Sunday, October 16, 2011

Bersama Sihan Harried Taning – Pengantar (bagian 2)

Sambungan dari bagian satu………….





Cara melatih yang hampir sama pun diterapkan di Bhumi Marinir Cilandak Jakarta. Saat itu pertengahan tahun 2008, saya turut hadir dalam ujian kenaikan tingkat karateka yang berasal dari cabang khusus Marinir Cilandak Jakarta.



Saat itu seorang anggota marinir yang berpangkat Kapten melontar pertanyaan kepada Sihan Harried Taning. Kebetulan Anggota Marinir ini berasal dari Bukittinggi, jadi saya cepat “beradaptasi” dengan sang kapten ini. Sang Kapten pun mengungkapkan kalau dirinya pernah mengecap beladiri silat sewaktu belum masuk marinir ini.



Ada 2 pertanyaan disampaikan yaitu pertama, mengapa terdapat perbedaan dalam bentuk gerakan dalam masing-masing aliran ataupun perguruan karate. Dan yang kedua apakah sebenarnya inti sebuah beladiri itu.



Sihan Harried Taning menyebutkan bahwa secara garis besar di dunia ini terdapat dua aliran besar karate. Dan sesuai dengan dimana karate tersebut berkembangan. Dimana kondisi geografis dari beladiri ini sangat mempengaruhi. Disebutkanlah oleh beliau yaitu Aliran Utara dan Aliran Selatan.

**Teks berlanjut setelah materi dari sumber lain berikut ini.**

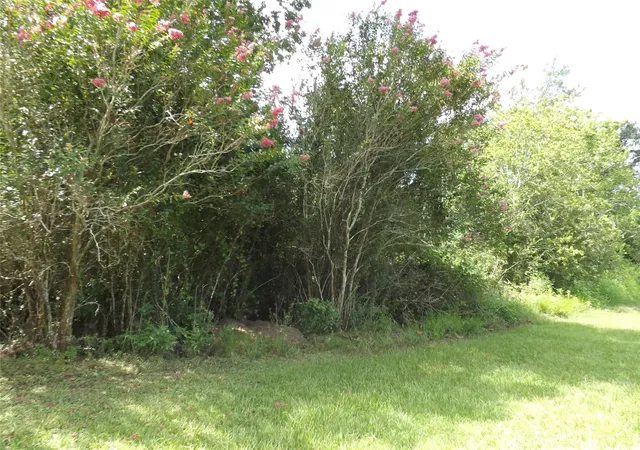 1st image of Tbd Willow Rd, Wallis, TX 77485 | MLS# 85825612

Aliran utara yang kondisi geografisnya yang cendrung datar berbatu dan kering melahirkan aliran karate yang bercirikan mempergunakan kuda-kuda lebar dan panjang serta serangan yang lurus.

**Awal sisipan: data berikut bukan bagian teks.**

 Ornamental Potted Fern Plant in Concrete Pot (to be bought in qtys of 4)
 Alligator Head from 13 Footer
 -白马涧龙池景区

Sedangkan aliran selatan yang kondisi geografisnya berbukit dan mempunyai tanah yang basah dan berlumpurkan melahirkan aliran karate yang bercirikan mempergunakan kuda-kuda yang pendek dan bertarung dalam jarak yang rapat.



Untuk pertanyaan kedua Sihan Harried menyebutkan, sebenarnya “inti” dari sebuah beladiri dalam hal ini karate adalah prinsip “AKU ADA JIKA ENGKAU ADA”. Semakin kita mendalami karate maka akan semakin muncul pengertian tersebut.

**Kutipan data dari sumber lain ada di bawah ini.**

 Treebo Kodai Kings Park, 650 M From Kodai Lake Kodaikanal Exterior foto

Ada yang paham? tanya beliau.



Tapi semua diam, ada yang mengangguk-angguk tapi tidak jelas menggangguk tanda apa. Asal manggut-manggut aja?



Okelah kita beri contoh.



Lalu beliau menunjuk 2 orang yang berpostur tinggi besar dan berbadan tegap. Satu orang disuruh gedan barai dengan kuda-kuda Zenkutsu Dachi kaki kanan didepan. Yang lain disuruh memegang erat tangan kanan.



Oke kamu orang, lepaskan tanganmu dari pegangan dia, dan sebaliknya kamu pegang yang erat jangan sampai lepas. Siap. Ya Mulai! Yang lain kasih semangat!.



Mulai 2 orang tentara ini saling adu tenaga, memegang erat dan mencoba melepaskan. Diiringi sorak-sorak dari rekan-rekannya. Ada sekitar satu menit “pertarungan” itu berlangsung. Tapi belum jelas siapa yang menang dan kalah. Dan tanganpun tidak ada yang terlepas.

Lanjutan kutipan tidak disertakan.